What Kind of Genius Are You?
This article by Daniel Pink opens with the following excerpt from a Harvard art lecture. “Pablo Picasso did this copy of a Raphael drawing when he was 17 years old,” the professor told the students. “What have you people done lately?” Pink examines the work of University of Chicago economics professor David Galenson. Galenson compared the value of all sorts of rare art to age of the artist at the time of creation. He found two patterns emerging. Successful artists were one of two types: Conceptual or Experimental innovators. The former do their best work early in their career by challenging prevailing trends and radically changing their field. Experimental innovators, on the other hand, work through trial and error practicing their trade until they produce something truly exceptional. I’d like to read Galenson’s work. In some ways his theory seems safe and ambiguous. All great work has to be done at some point in someone’s life. But I’m intrigued by the economic study of creativity.
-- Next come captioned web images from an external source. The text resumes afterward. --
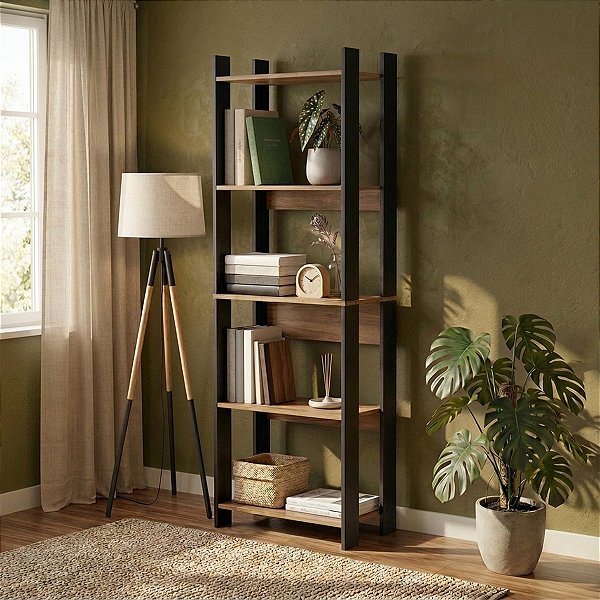 Estante para Livros Home Office/Escritório 63x178cm com 5 Prateleiras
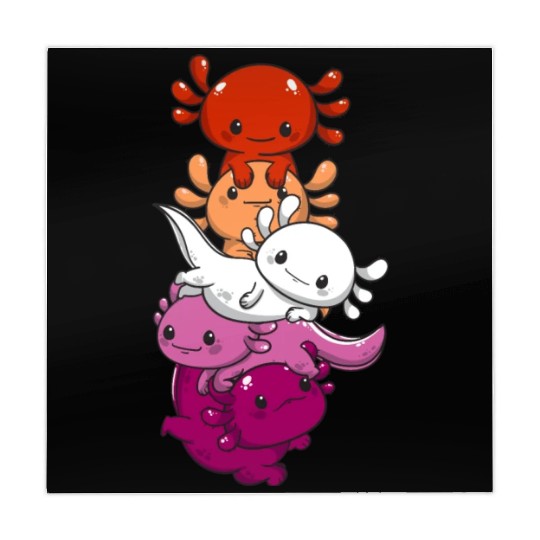 Subtle Lesbian Pride Flag Kawaii Axolotl LGBTQ Mahjong Mats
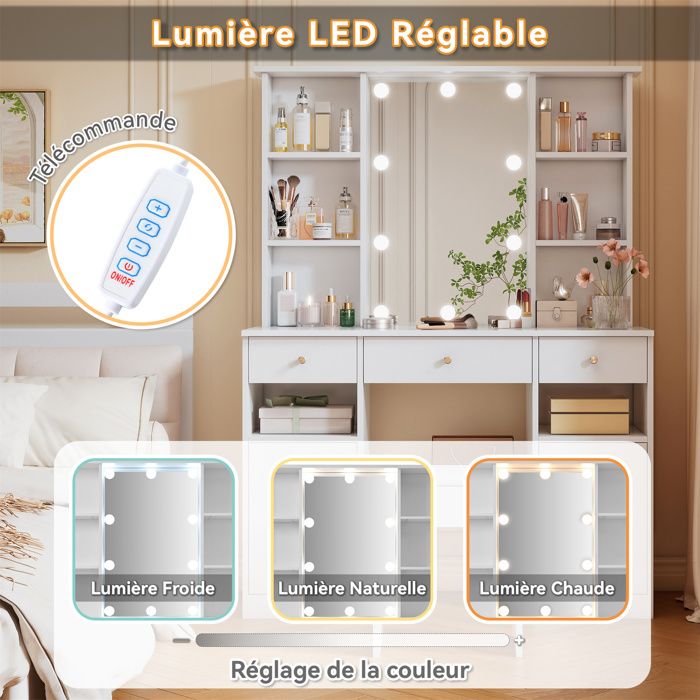 Coiffeuse Duffy Avec Miroir Et Lumière LED – 9 Tiroirs – Couleur Blanc – Éclairage 3 Couleurs Réglable – Montage Facile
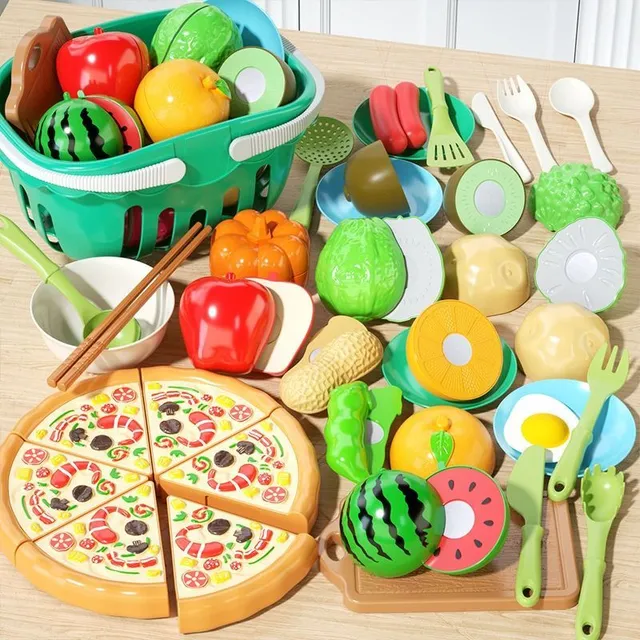 Children's kitchen play set - 69 pieces - Fruit, vegetables, pizza and more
Creativity is the soul of economic growth. Where does it come from? How do we foster it as a society? And how can we be creative in our own work? These are questions worth exploring.
By Chris | June 22, 2009
Google became the world’s most popular search engine by radically increasing the relevance of search results. It was able to do so by rewarding sites that received a lot of links from other sites. Links from popular sites were worth more than links from obscure sites. The popularity, or rank, of a site became known as PageRank. This blog currently has a rank of 5. MarginalRevolution.com has a PageRank of 8. PageRank isn’t linear though. Supposedly, a PageRank of 8 is 1,000 times as popular as one with 5. Anyway, after inventing PageRank, Google ran into a problem. People with websites had an incentive to create lots of links back to their pages. Comments and wiki’s became infected with irrelevant links. To combat this problem, Google created a way for owners of websites to signal which links should count and which one shouldn’t for ranking purposes. By tagging a link as “nofollow,” a web site could tell Google to ignore the value of certain links. Today, almost all comments on blogs and all external links on Wikipedia are nofollow links. Spammers no longer get any credit for their backlinks. Problem solved. Or is it?
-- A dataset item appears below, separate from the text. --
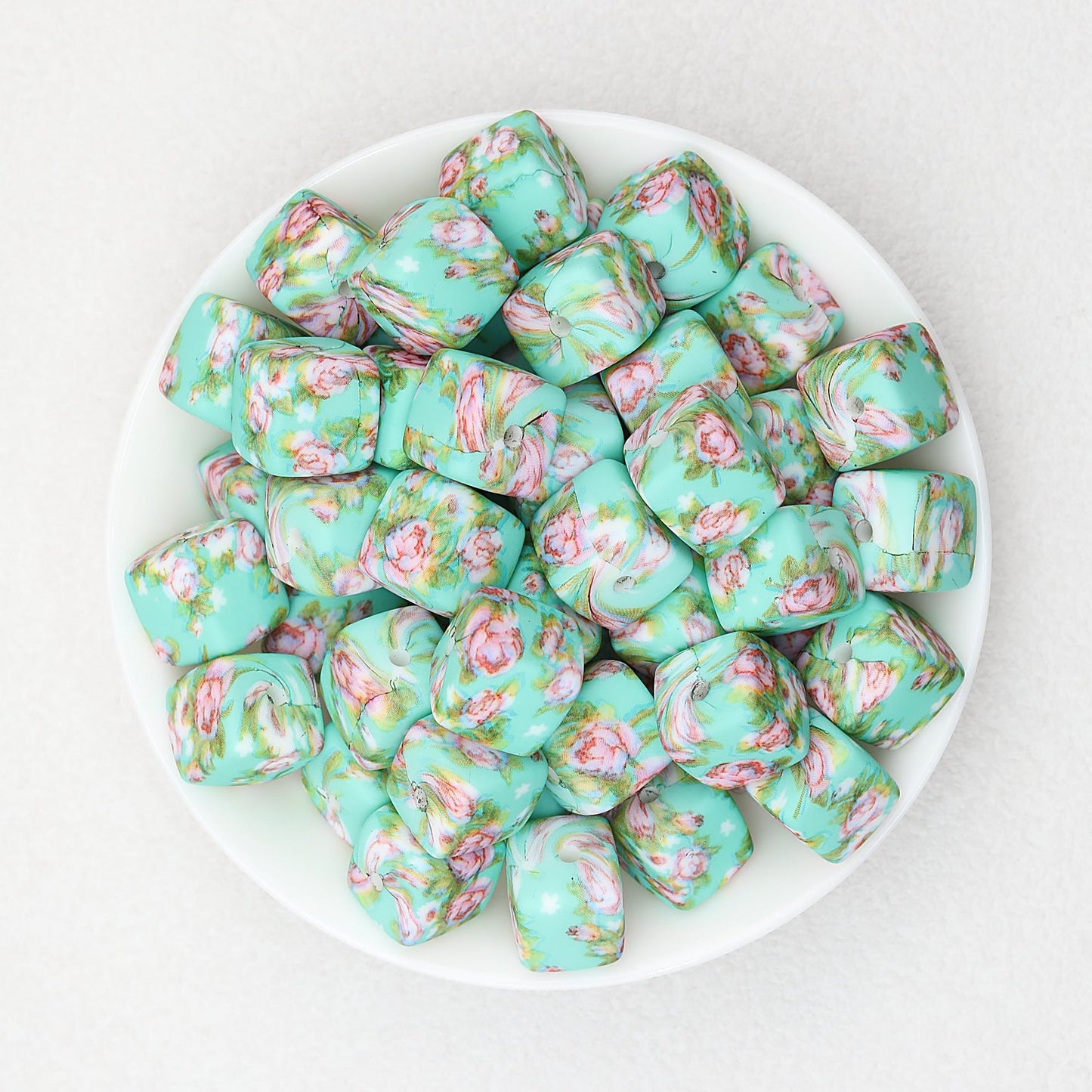 Floral Pattern 13.5mm Square Silicone Beads Printed Design 50pcs - Style 6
Nofollow has become increasingly popular. Linking to another site upright conveys upon them a positive externality by improving their reputation. The recipient is helped and the source gets nothing in return. Not surprisingly, it is underprovided. Some websites have a blanket “nofollow” policy. They only give conventional links to recipients that pay. Advertisers pay lots of money to get followed links from credible sites. When signals are bought and sold, they lose their value. Links that are followed are no longer the most relevant, they are the most profitable. On some sites, “followed” links are less relevant than organic “nofollowed” links. When everyone knows the signals, they lose their value.
This has many applications. Signals are constantly evolving. Fashion is a good example. Brands come and go, as a signal is recognized and copied. For example, The North Face is a popular retailer of outdoor clothing and gear. Initially, it was the purveyor of apparel and gear for an elite group of outdoor enthusiasts. If you wore The North Face, it signaled that you skied, hiked, and spent time outdoors. The signal was reliable. But, it was an easy signal to imitate. Americans liked being perceived as outdoor enthusiasts. The North Face become popular with the masses. Today, someone wearing The North Face has some extra money and brand awareness. The signal’s meaning has made a 180.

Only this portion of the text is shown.